» **AIM OF THE EXERCISE**:
Starting at the line that contains "Pelican Standing Proud", transcribe every remaining line of the data below exactly, and omit all pictures.

Segment Start: DATA PROVIDED

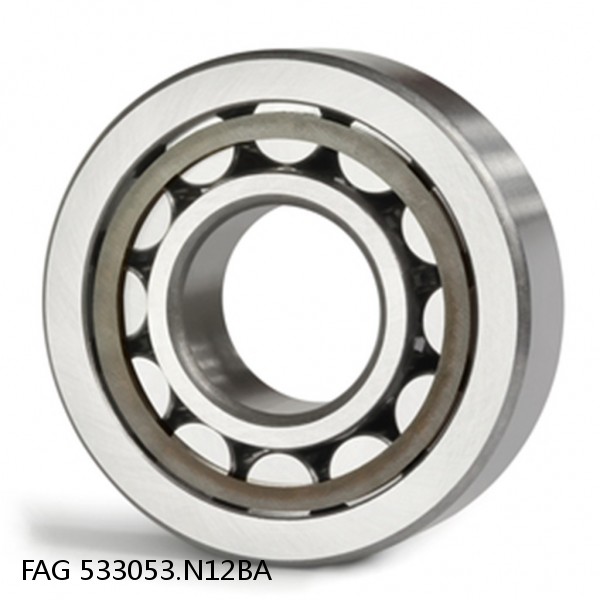 533053.N12BA FAG Cylindrical Roller Bearings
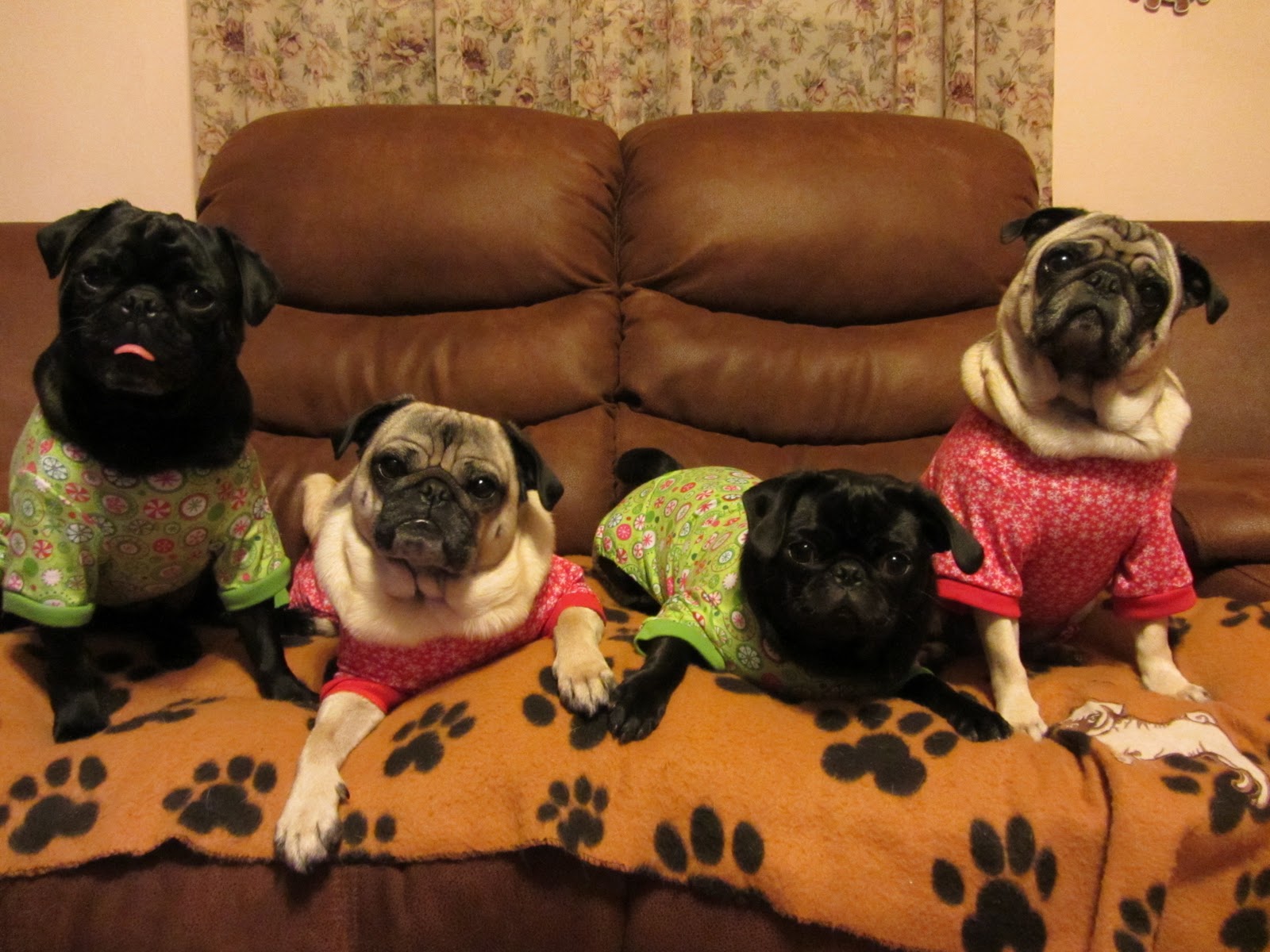 A Day in the Life of Pugs: New Christmas Pajamas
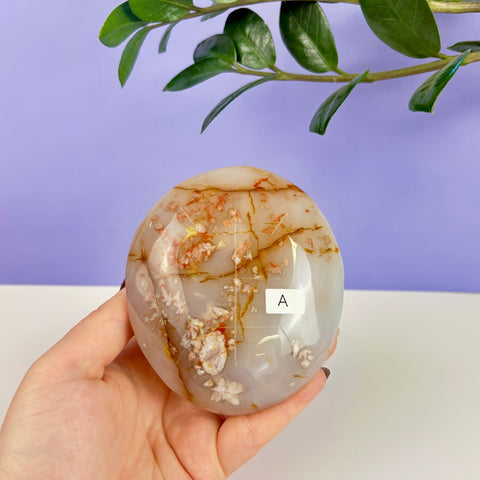 Polished druzy agate turtle shell with tan, white, and red crystalline inclusions held in a hand.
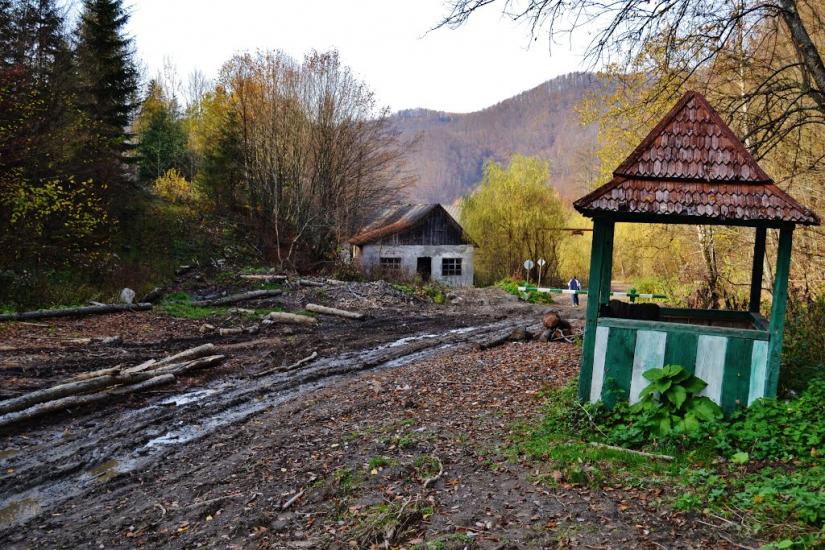 Росішка з panoramio.com - Росішка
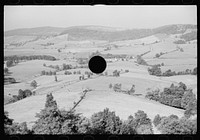 [Untitled photo, possibly related to: Good farming land, Garrett County, Maryland.]. Sourced from the Library of Congress.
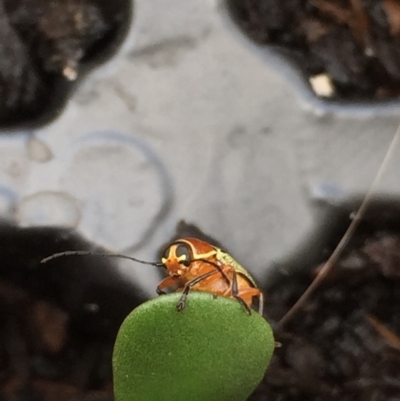 Aporocera (Aporocera) sculptilis (Leaf beetle) at Aranda, ACT - 13 Feb 2021 by Jubeyjubes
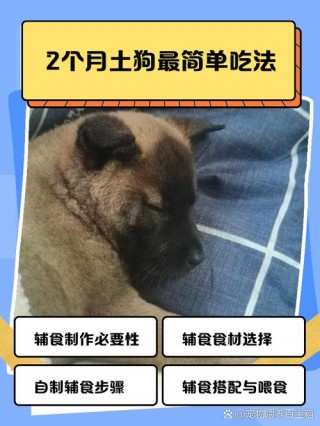 狗狗两个月吃什么，狗狗两个月吃什么食物比较好最健康？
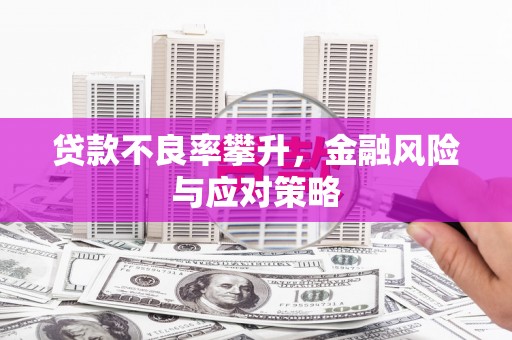 天元贷款不良率攀升，金融风险与应对策略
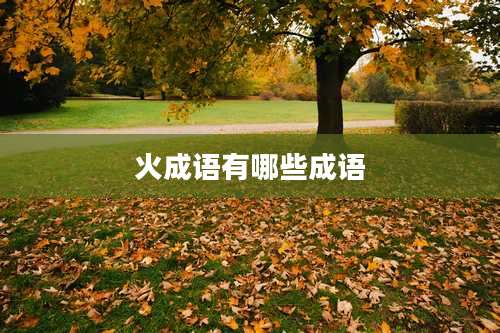 火成语有哪些成语
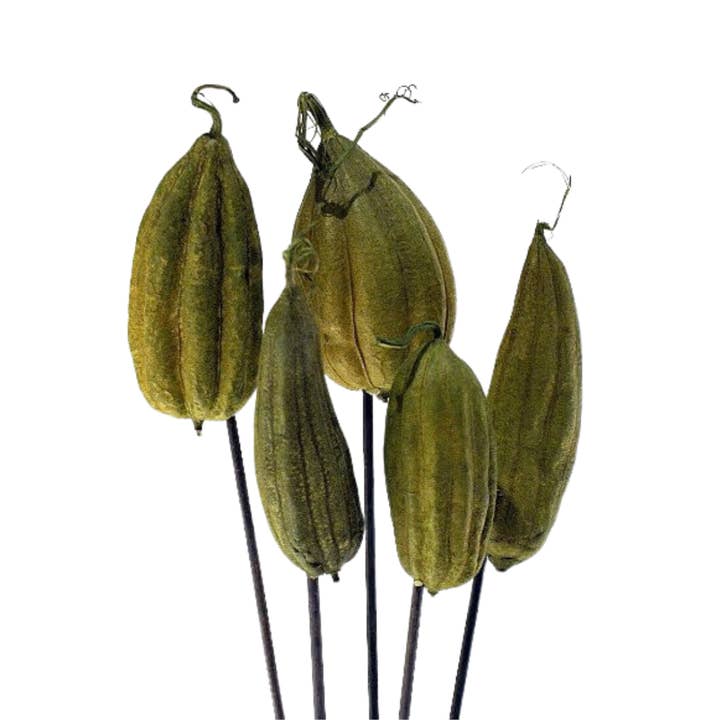 Botanico Ltd. - Wholesale Dried/Pressed Flowers - Jhinga Pods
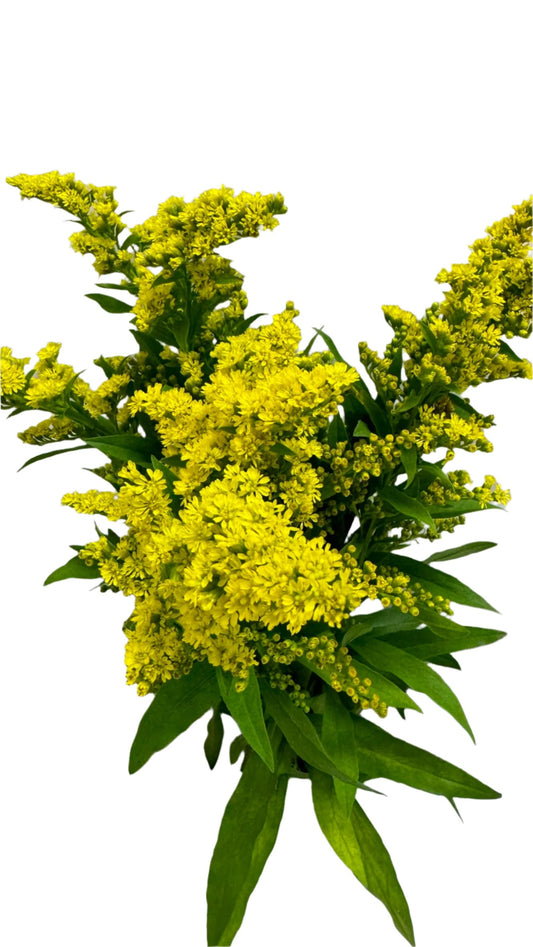 SOLIDAGO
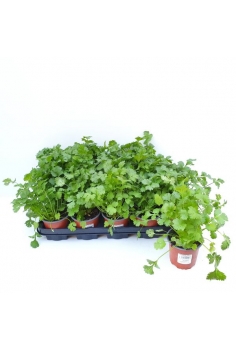 CILANTRO (coriandrum...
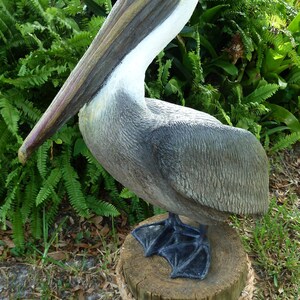 Pelican Standing Proud Statue Lifesize Artist Sculpture - Etsy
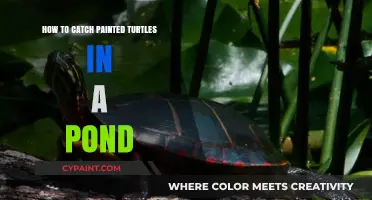 Catching Painted Turtles: A Guide to Pond Turtle Trapping Techniques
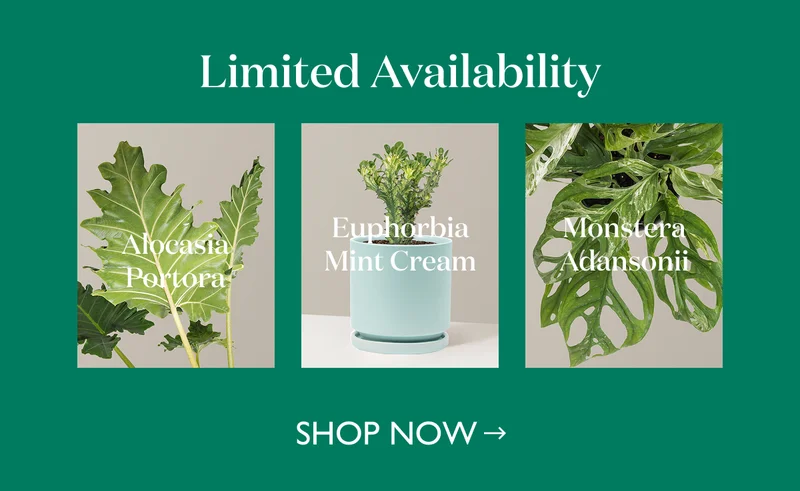 Limited Availability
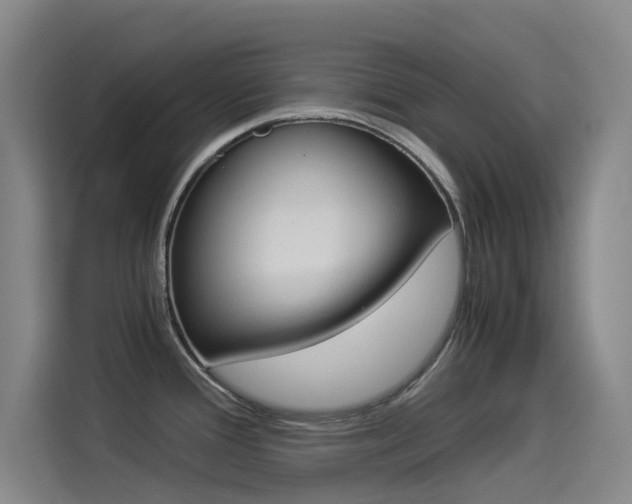 X0000114541388200910190922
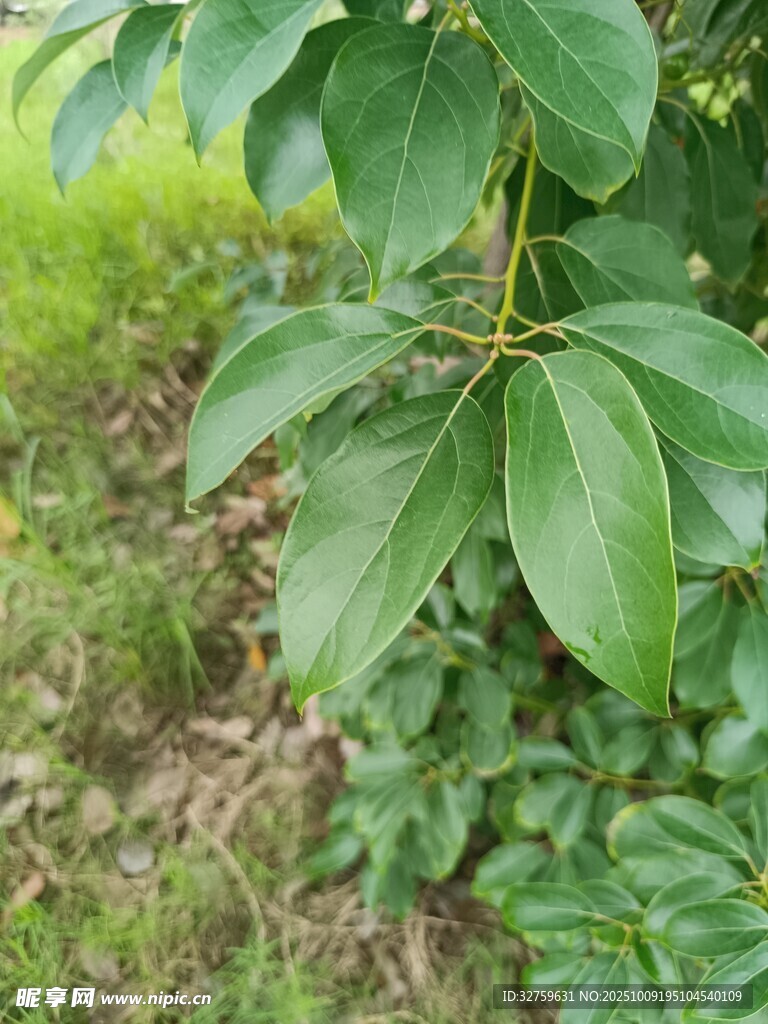 綠葉繁茂的枝頭景象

Segment End: DATA PROVIDED

» **EXERCISE ANSWER**:
 Pelican Standing Proud Statue Lifesize Artist Sculpture - Etsy
 Catching Painted Turtles: A Guide to Pond Turtle Trapping Techniques
 Limited Availability
 X0000114541388200910190922
 綠葉繁茂的枝頭景象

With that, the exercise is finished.